Stedendriehoek
Van Gerrie mag het elke dag wel Prinsjesdag zijn: 'Een hoed kan altijd'

TWELLO - In Den Haag hangen de outfits voor Prinsjesdag klaar. Voor vrouwen geldt dat een hoedje niet mag ontbreken. Wat de dames op hun hoofd zetten is op de derde dinsdag van september vaak onderwerp van gesprek. Maar waar let je nou op bij het dragen van een hoed?
"Zit je haar niet goed? Zet een hoed op!", zo luidt het motto van Gerrie Bos-Bollen. De 82-jarige maakte diverse hoeden speciaal voor Prinsjesdag. "In 2012 bijvoorbeeld voor Kathleen Ferrier, destijds Tweede Kamerlid, en in 2015 voor de toenmalige minister van Defensie Jeanine Hennis."
Met onderstaand exemplaar viel ze ook in de prijzen. "Het publiek heeft dit model uitgeroepen tot de mooiste hoed van Prinsjesdag 2012." In museum Escher in Den Haag is haar model vervolgens ook geëxposeerd.

Duizend exemplaren
Al veertig jaar stopt Bos-Bollen haar creativiteit in het maken van hoofddeksels. De bovenste verdieping van haar huis is een waar museum. Van groot tot klein, kleurrijk tot sober en van klein tot extreem opvallend. "Vierhonderd heb ik er nog in mijn bezit. Maar in totaal heb ik denk ik wel duizend hoeden gemaakt. Voor trouwerijen, begrafenissen, evenementen en exposities."
Waar een goede hoed aan moet voldoen, dat is volgens Bos-Bollen simpel. "Hij moet passen bij de persoon die hem draagt. Qua kleur, uitstraling en qua vorm. Een kleinere dame moet nooit een hoed met een grote rand dragen. Dat duwt je naar beneden."
Ook moet het passen bij wat iemand wil uitstralen. "Kijk, deze hoed is gemaakt met duurzaam materiaal, dus dit zou bij iemand passen die de natuur een warm hart toedraagt."

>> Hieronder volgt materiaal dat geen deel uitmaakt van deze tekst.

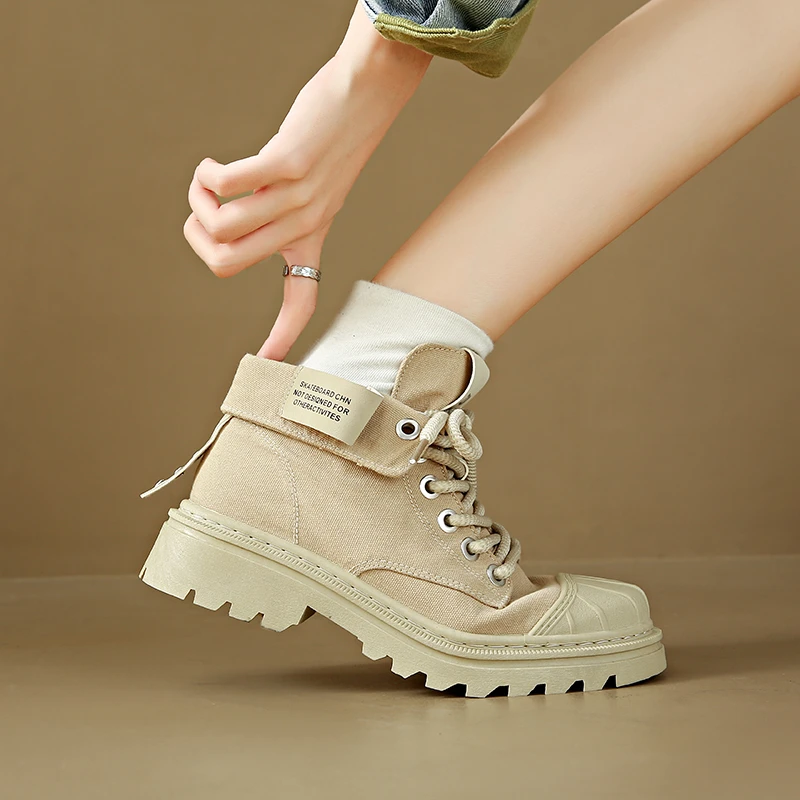 Женские армейские байкерские ботинки на низком каблуке и массивной подошве со шнуровкой по щиколотку Изображение 2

Kijk hier hoeveel hoeden Gerrie heeft:
Gerrie (80) is hoedenmaakster
'Je straalt zelfvertrouwen uit'
We zouden ook best wat vaker iets op ons hoofd mogen zetten, vindt de Twellose. "Je hoeft niet met een hoop glitter en schitter weg te gaan, maar als het regent en je moet weg dan kun je een hoed opzetten. Je bent dan mooi gekleed en je komt met een hoop zelfvertrouwen over. Ook kom je vaak in gesprek met mensen als je een hoed opzet."
De jeugd draagt volgens de 82-jarige liever petten of mutsen, of machinaal geperste hoeden. "Die zijn natuurlijk ook een stuk goedkoper dan wanneer je iets met de hand maakt." De jeugd loopt volgens de hoedenmaakster niet warm voor het vak. "Het is te arbeidsintensief, het past niet bij deze tijd. De jeugd heeft niet genoeg geduld, en dat heb je wel nodig."

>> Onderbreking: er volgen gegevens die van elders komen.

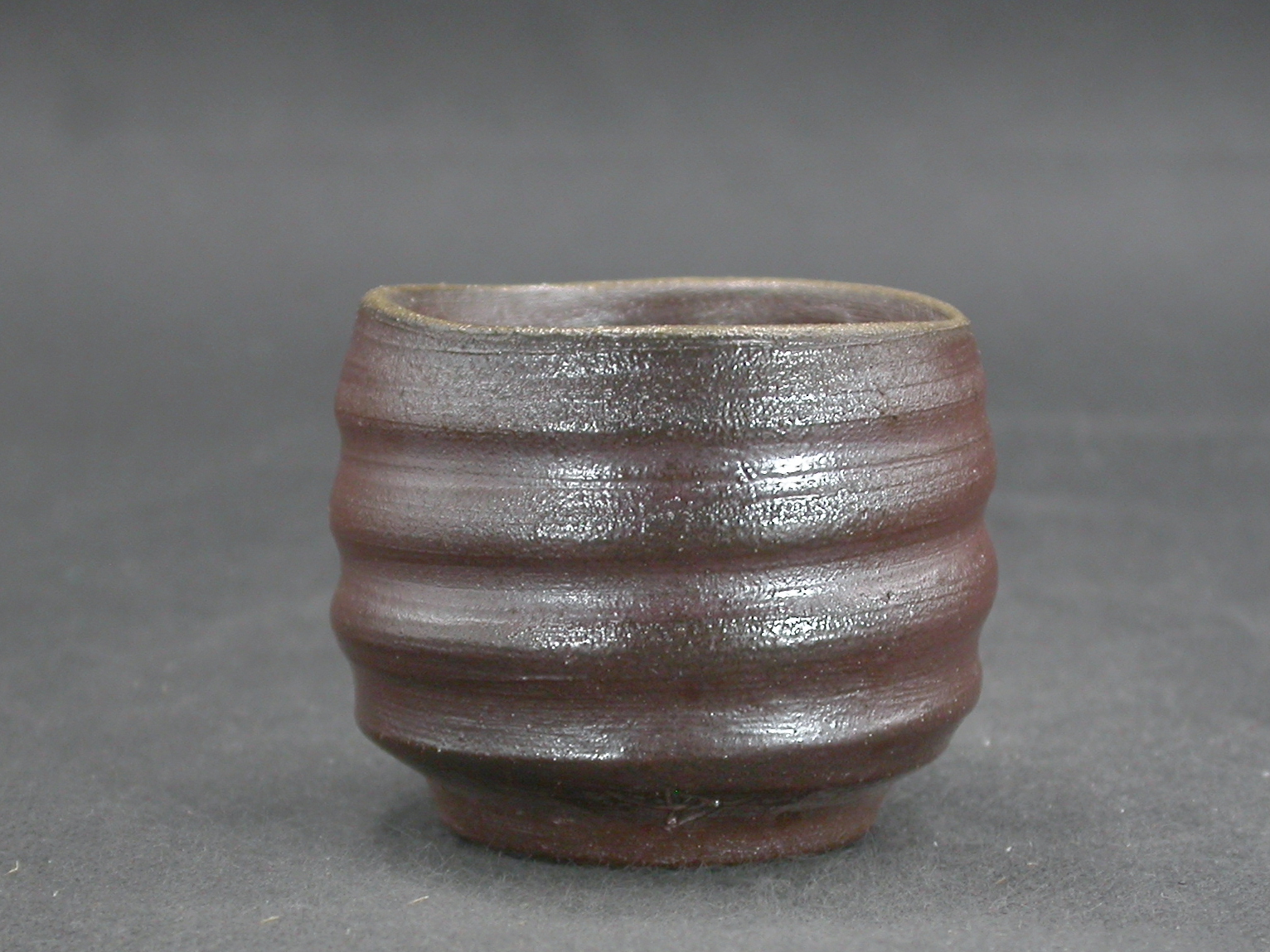 備前焼　登窯　備前焼物故作家　鬼ヶ城窯　難波　総城　黄ゴマぐい呑２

Jonge hoedenmakers in aantocht?
In onze provincie is er geen een school die het vak hoedenmaken nog aanbiedt. "Er zijn cursussen en opleidingen tot hoeden maken te vinden, maar niet bij ons, althans niet het ambachtelijke hoedenmakers vak", laat Alice Broekhuizen van de hogeschool ArtEZ in Arnhem weten. "Studenten die erin geïnteresseerd zijn, zoeken dan zelf uit of ze een cursus willen doen."

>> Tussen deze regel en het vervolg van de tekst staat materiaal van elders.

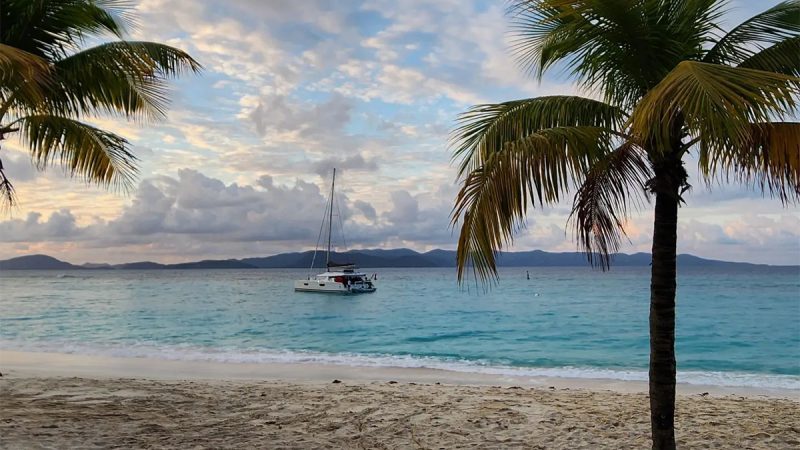 This Caribbean Bungalow Resort Comes With a Legendary Beach Bar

Op Aventus in Apeldoorn is de interesse voor het vak er ook niet. "Het is een voor jongeren niet courant mode-item. We richten ons met name op het ontwikkelen van patronen en het vervaardigen van kleding. Waarbij we zowel casual als gelegenheidskleding maken", laat docente Ruth Roos weten.
Alleen in Amsterdam en in Boxtel zijn mbo's te vinden die een fulltime opleiding tot hoedenmaker aanbieden. De Twellose hoedenmaakster betreurt het dat weinig jongeren geïnteresseerd zijn in het ambacht, maar er is ook begrip. "Je wordt er van binnen heel blij van, maar als je je boterham ermee wil verdienen, dan moet je droog brood eten."